Yayasan Tajuk Kalimantan Lestari


Restorasi Mangrove Bersama Masyarakat Ketapang

Kawasan pesisir Kabupaten Ketapang, Kalimantan Barat, memiliki peran vital sebagai benteng alami terhadap abrasi serta rumah bagi keanekaragaman hayati laut yang melimpah. Namun, tekanan dari alih fungsi lahan dan aktivitas ekonomi yang tidak berkelanjutan sempat mengancam kelestarian ekosistem ini.
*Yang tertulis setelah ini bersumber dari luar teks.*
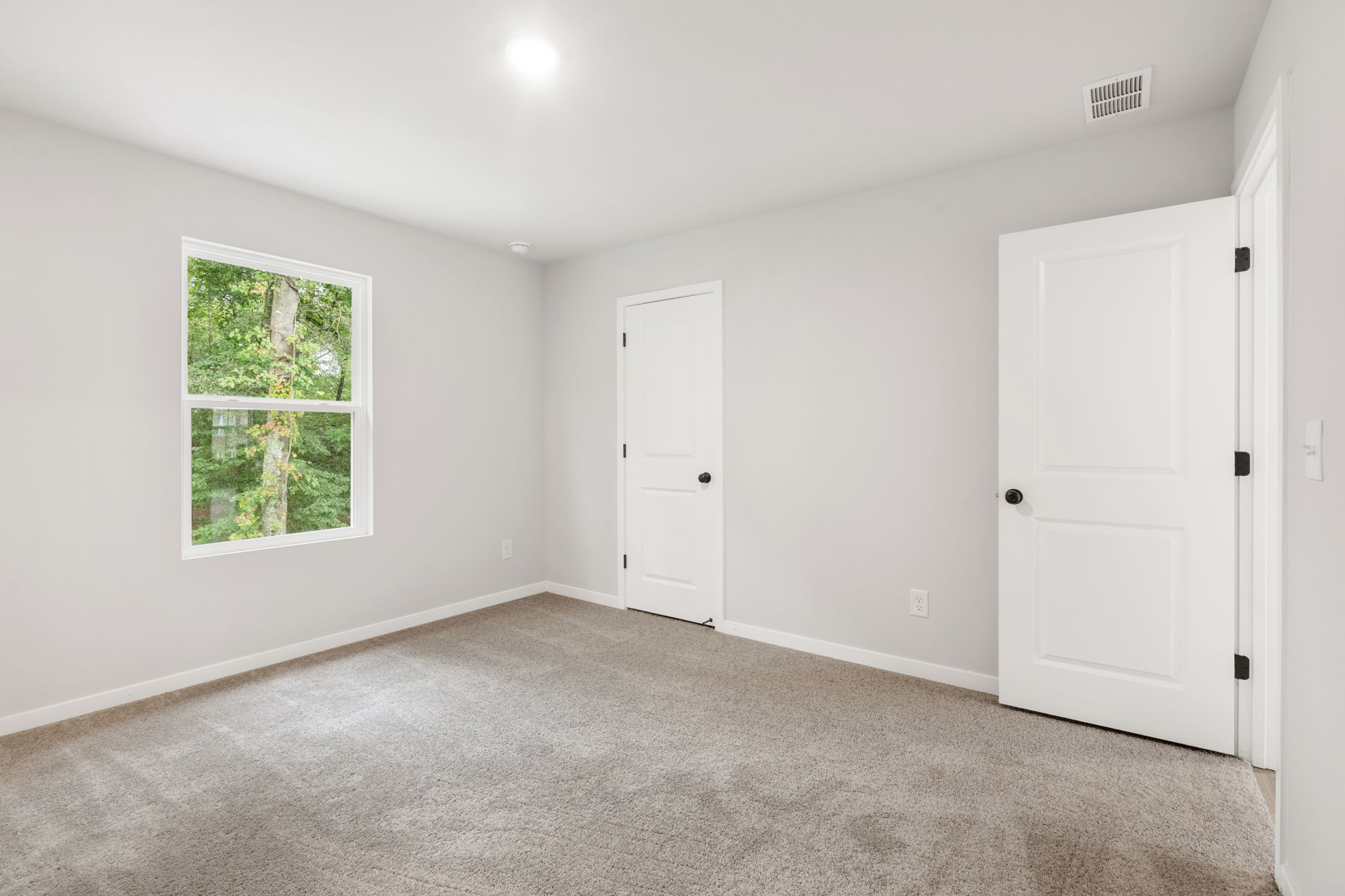 A room with white doors and a window.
Kini, sebuah gerakan pemulihan lingkungan yang inklusif mulai menggeliat: Restorasi Mangrove Bersama Masyarakat Ketapang.

Strategi utama dalam upaya restorasi ini adalah menempatkan masyarakat lokal bukan sekadar sebagai objek, melainkan sebagai subjek utama atau garda terdepan. Kelompok sadar lingkungan dan masyarakat desa pesisir diajak untuk memahami bahwa keberadaan hutan mangrove adalah aset ekonomi jangka panjang. Dengan ekosistem yang sehat, stok ikan, kepiting, dan udang akan meningkat, yang pada akhirnya berdampak langsung pada kesejahteraan nelayan lokal.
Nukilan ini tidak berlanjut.